I poked around the site and didn’t see much mention of a career in publishing at all. In fact, the only mention came through the list of visiting authors, who would spend time discussing “the academic job market or the ins and outs of publishing.”
I dug deeper into the website, and it became clear the benefits of the MFA program in Creative Writing are an opportunity to edit the school’s literary journal, and the opportunity to teach courses in Creative Writing and English Composition.
Training in how to publish works doesn’t exist, nor is there any real mention of how to have a non-teaching career in publishing. The only hint of that comes from this: there will be visiting editors and agents who are “on the lookout for the next generation of American literature.”
I saw the name of one visiting “professional” who is currently scamming literary authors with a horrendous contract and promise of major publication. This particular author/editor is actually buying ownership of the unsuspecting writer’s property in the contract he offers, and paying that writer a pittance.

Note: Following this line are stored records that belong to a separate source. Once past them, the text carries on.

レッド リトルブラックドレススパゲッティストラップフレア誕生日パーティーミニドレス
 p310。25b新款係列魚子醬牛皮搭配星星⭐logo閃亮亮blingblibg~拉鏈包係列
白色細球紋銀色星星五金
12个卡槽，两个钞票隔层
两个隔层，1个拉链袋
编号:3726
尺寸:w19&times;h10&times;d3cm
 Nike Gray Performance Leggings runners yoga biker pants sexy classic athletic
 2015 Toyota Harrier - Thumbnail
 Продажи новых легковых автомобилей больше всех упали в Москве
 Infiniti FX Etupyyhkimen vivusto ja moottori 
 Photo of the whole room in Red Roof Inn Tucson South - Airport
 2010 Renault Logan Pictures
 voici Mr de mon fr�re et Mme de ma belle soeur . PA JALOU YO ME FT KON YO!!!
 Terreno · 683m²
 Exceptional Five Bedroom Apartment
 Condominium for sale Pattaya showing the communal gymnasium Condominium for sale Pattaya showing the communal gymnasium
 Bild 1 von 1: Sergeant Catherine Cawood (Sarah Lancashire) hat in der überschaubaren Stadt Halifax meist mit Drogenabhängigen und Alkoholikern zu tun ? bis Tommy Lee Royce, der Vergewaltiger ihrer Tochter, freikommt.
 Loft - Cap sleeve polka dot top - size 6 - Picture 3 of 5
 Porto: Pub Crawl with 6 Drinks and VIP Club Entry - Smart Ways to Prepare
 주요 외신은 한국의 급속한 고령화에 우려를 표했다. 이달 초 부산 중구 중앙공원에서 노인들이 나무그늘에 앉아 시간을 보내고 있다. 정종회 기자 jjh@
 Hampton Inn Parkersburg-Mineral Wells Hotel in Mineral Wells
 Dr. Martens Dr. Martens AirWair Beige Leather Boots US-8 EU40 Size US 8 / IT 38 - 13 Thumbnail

Am I bashing my former university’s creative writing program here? No. In fact, nothing I’ve told you is new to me.
I learned about that program back when I was a hot-headed journalist, newly returned from the Clarion Writers Workshop. For an article I was writing for the local indie paper, I saw the then-head of the Creative Writing division of the English Department and asked him why his writing program didn’t feature published writers or emphasize careers in writing.
First of all, he didn’t believe that genre writing was writing (just like, at the time, there were music professors who didn’t believe that popular music was music), but that aside, he was quite frank with me. He stated that the program as designed was to help the MFA candidates become PhD candidates in Creative Writing so that they could get prestigious jobs teaching creative writing at major universities.
He also pointed out, correctly, that I should have researched the creative writing program before taking classes there, to see if it fit my goals as a student. (I didn’t have the heart to tell him that at the time I was in his program, I only took the writing classes to fit in my fiction writing along with my homework for my history degree.)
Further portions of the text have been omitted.